Robert F. Kennedy Jr.’s presidential running mate Nicole Shanahan hit out at “cowardly” Meta boss Mark Zuckerberg for allegedly censoring a new documentary about the independent candidate.
“Mark Zuckerberg, are you kidding me?! No amount of MMA fighting will make you look strong if you continue to behave so cowardly,” Shanahan, the Bay Area lawyer and ex-wife of Google co-founder Sergey Brin, wrote on her X account on Sunday.
Zuckerberg is CEO of Meta, the parent company of Facebook and Instagram. Shanahan’s post made reference to his ongoing training in mixed martial arts.
Shanahan’s post on X included a short video montage which shows several users of Facebook and Instagram being unable to upload the half-hour documentary.
A spokesperson for Meta Platforms told The Post that the link to the documentary “was mistakenly blocked and was quickly restored once the issue was discovered.”

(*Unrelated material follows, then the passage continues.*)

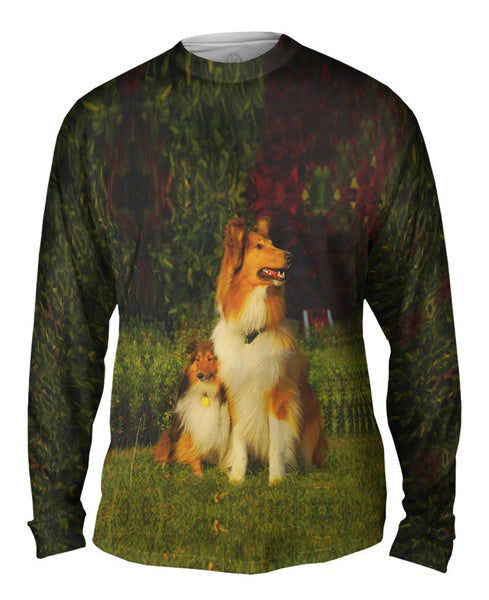 Momma Border Collie&nbsp;Mens Long Sleeve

Several Facebook and Instagram users reported that they were unable to access the documentary over the weekend.
Meta said that the documentary was mistakenly flagged by some users as spam and that was the reason it was blocked for several hours between late afternoon on Friday and midday Saturday.
Tony Lyons, founder of American Values 2024, the super PAC that paid for the ad, told The New York Times that his group plans to file suit against Meta in federal court alleging that they violated First Amendment rights.
“When social media companies censor a presidential candidate, the public can’t learn what that candidate actually believes and what policies they would pursue if elected,” Lyons told the Times.
“We are left with the propaganda and lies from the most powerful and most corrupt groups and individuals.”
The 30-minute documentary is narrated by “Cheers” actor Woody Harrelson. It was produced by Jay Carson, a Hollywood screenwriter who was also an aide to Hillary Clinton.
The documentary begins with Kennedy reading press clippings about himself in which he is referred to as “clearly disturbed,” “so crazy,” and “a walking, talking conspiracy theory.”
Kennedy supporters over the weekend began posting screenshots of messages they received from Instagram and Facebook indicating that the link to the ad was a violation of the platforms’ terms of service and that they therefore were unable to view it.
The Kennedy campaign then blasted out a fundraising email to supporters urging them to document what they said amounted to “election interference.”
Kennedy took to Facebook and wrote that the ad was “the Bobby Kennedy video Facebook doesn’t want you to see.”
Kennedy, an environmental lawyer and the son of late US attorney general and US senator Robert F. Kennedy, was a lifelong Democrat, but his controversial stances on the efficacy of vaccines have put him outside the party’s mainstream.
A Kennedy candidacy threatens to siphon votes from both major party nominees – President Joe Biden and former President Donald Trump.
A recent poll by The Hill gave Biden a 0.1% lead over Trump – 45% to 44.9%.
When Kennedy is factored into the voting, Trump is ahead of Biden by 1.1% – with Kennedy coming in third with 8.5% of the vote.